◆ TO DO ◆
Word for word, copy all the data and drop the pictures.

START SUPPLIED INFORMATION

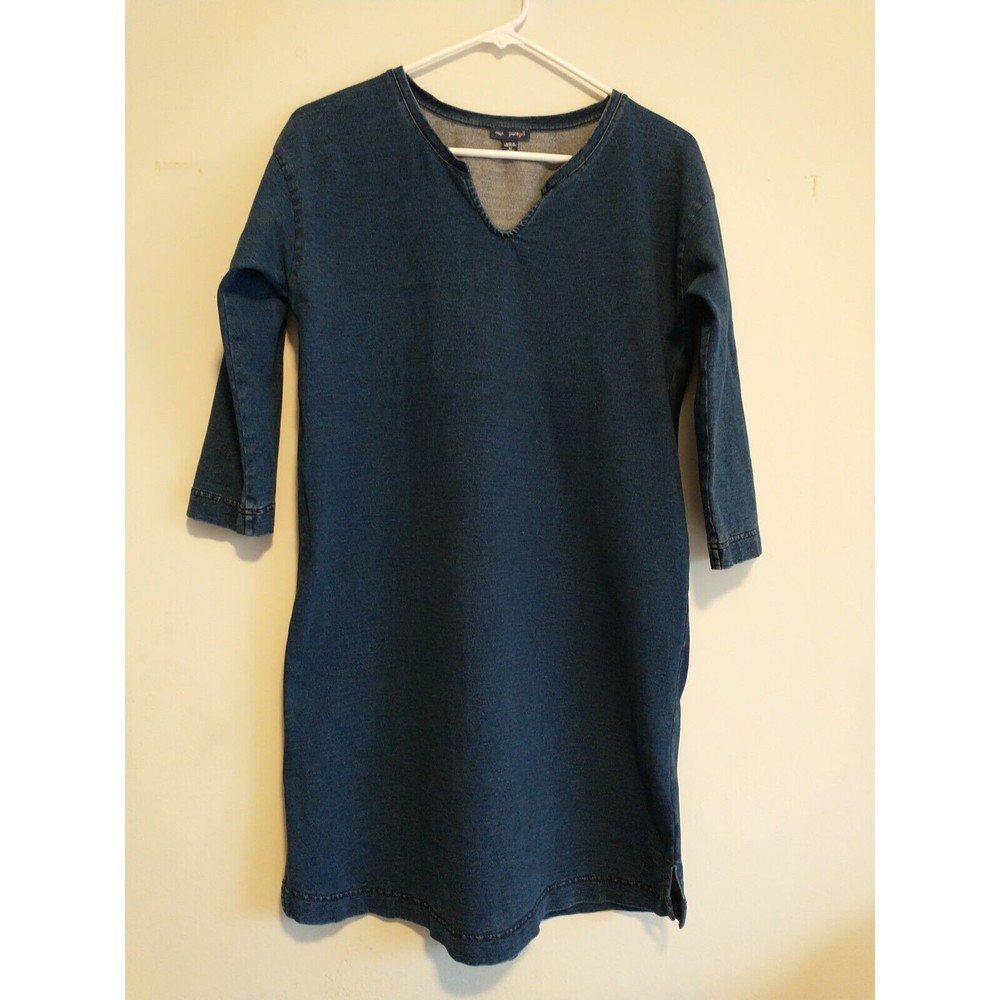 PURE JILL Tunic Shift Dress S/XS Blue Split Neck 3/4 Sleeves Chambray Si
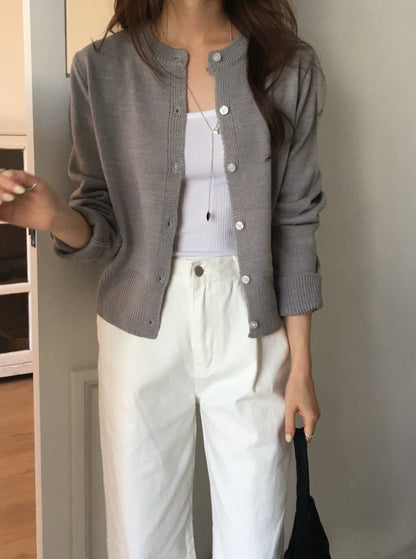 Basic Crew Neck Cardigan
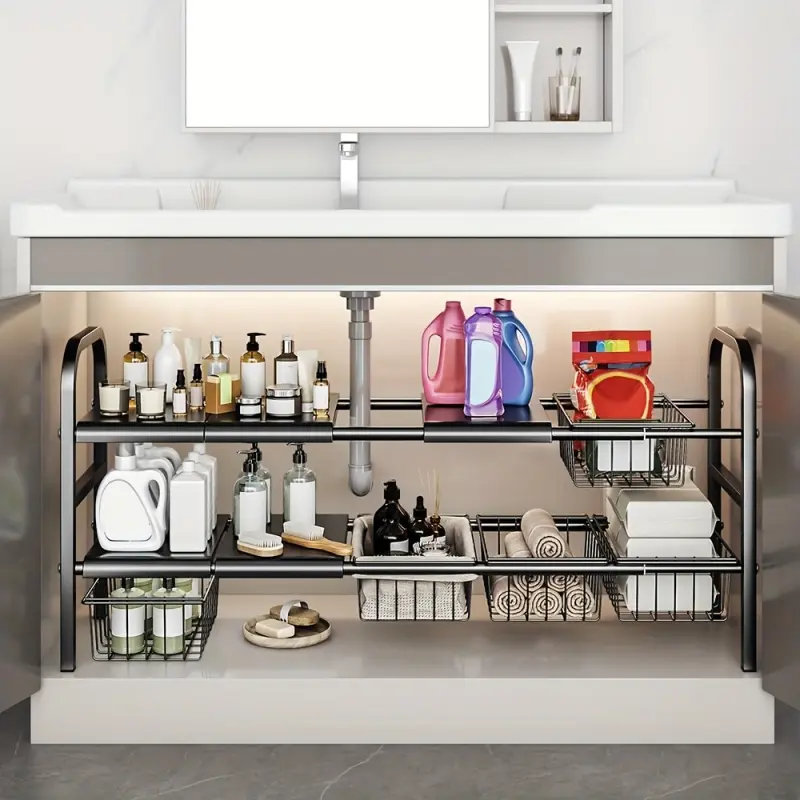 Expandable Under-Sink Storage Shelf with Removable Bins And Panels, Multi-Layer Kitchen Cabinet Organizer, Universal Bathroom Rack with Adjustable Design, Utility Racks, Bathroom Organizing Accessories, Bathroom Organizers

END SUPPLIED INFORMATION

◆ SOLUTION FOR THIS EXERCISE ◆
 PURE JILL Tunic Shift Dress S/XS Blue Split Neck 3/4 Sleeves Chambray Si
 Basic Crew Neck Cardigan
 Expandable Under-Sink Storage Shelf with Removable Bins And Panels, Multi-Layer Kitchen Cabinet Organizer, Universal Bathroom Rack with Adjustable Design, Utility Racks, Bathroom Organizing Accessories, Bathroom Organizers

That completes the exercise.